25Feb/140

10 predictions for the US building industry

green building 3 300x225 10 predictions for the US building industry

Portland/Seattle green builder Hammer & Hand has unveiled its ten predictions for the US high performance building industry.

These include:

  • Focus will move beyond Net Zero Energy to Net Positive Energy buildings.

Three trends will begin moving the high performance building industry beyond Net Zero Energy (NZE) buildings toward Net Positive Energy (NPE) buildings:
a. Falling prices for photovoltaic panels to make energy production more feasible;
b. Increasing viability and availability of electric vehicles to harness surplus energy production and compete with buildings for electricity; and
c. The emergence of market mechanisms that reward both onsite energy conservation and production (see next point).

  • Market mechanisms that reward energy conservation and renewable energy production will flourish.
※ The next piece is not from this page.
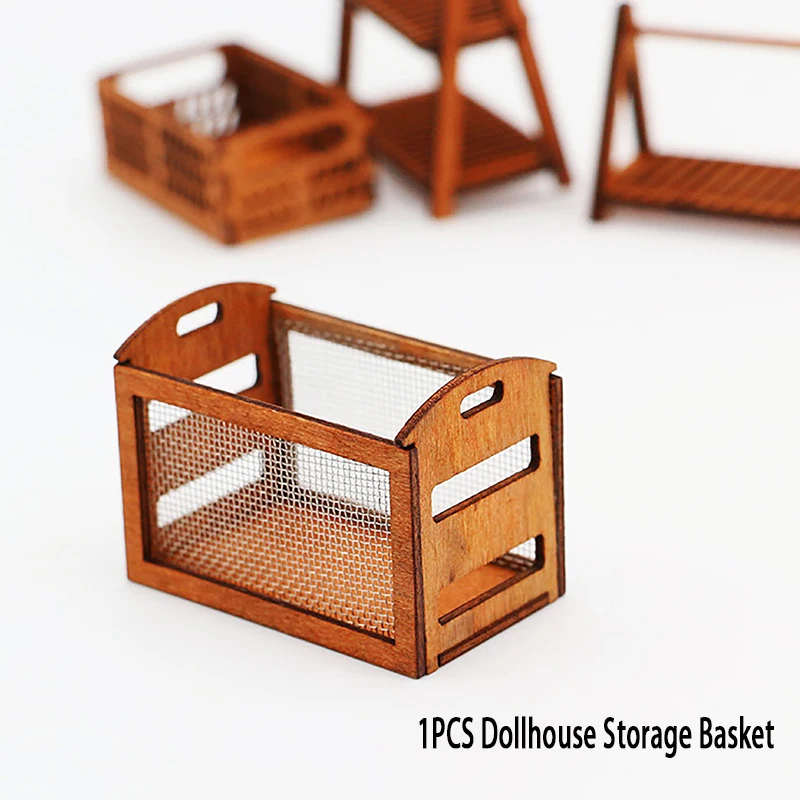 1/12 Dollhouse Hollow Iron Mesh Storage Box Miniature Storage Basket Model Dolls House Accessories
Market-based tools like Feed In Tariffs (to allow building owners/operators to sell excess energy back to the grid), Carbon Offsets (to reward building owners/operators for reductions in carbon footprint), and Metered Energy Efficiency Transactions (to allow investors in building energy efficiency to sell “negawatts” back to the utility, being piloted by the Bullitt Center and Seattle City Light) will continue to gain ground in 2014.

  • Building energy codes will move away from prescriptive rules toward performance-based measures.

The City of Seattle leads the charge toward performance-based code at the municipal scale, and the States of California and Washington have taken important first steps at the state level. The US Department of Energy continues to push the envelope through its work on the International Energy Conservation Code. Expect the trend toward performance measures to continue in 2014 as the limitations of prescriptive code become more and more obvious to policy makers.

  • CO2 heat pumps will help transform heating and cooling performance.

New technology will continue to drive the development of the US high performance building industry, with CO2 heat pumps making an entrance into the North American marketplace. These heating and cooling units bring these benefits:
a. More earth friendly due to lower Global Warming Potential (GWP).
b. Move more energy more efficiently.
c. Work in much colder climates without the steep performance curve drop-offs seen with other heat pumps.

  • The US-led move to make Passive House more climate-specific will improve performance at both micro and macro levels.

In the past year the Passive House Institute US began spearheading the effort to make the Passive House standard more sensitive to the diverse climates found across the US, including partnerships with the Building Science Corporation and the Department of Energy. This effort will bear fruit in 2014, helping to guide successful high performance building in the American South and across the northern portion of the continent.

  • Europe’s push to eliminate thermal bridges in buildings will make high performance building more mainstream in the US, too.

Europe is pushing hard to eliminate thermal bridges (building elements that transfer heat or cool energy through the building envelope), resulting in a wave of new user-friendly software tools for calculating thermal bridging. This development has brought what was once a highly technical, niche element of high performance building into the mainstream in Europe. These same tools apply equally well in the US, and promise to make the battle against thermal bridges easier to win for US designers in 2014.

  • China’s interest in high performance building will propel US market.

While still nascent, China’s move toward high performance, energy conserving structures and building envelopes will have far-reaching impacts. From demand for US-manufactured building components to supply of Chinese-made ones, the US high performance building industry stands to gain when the world’s second largest economy puts its weight behind building energy conservation.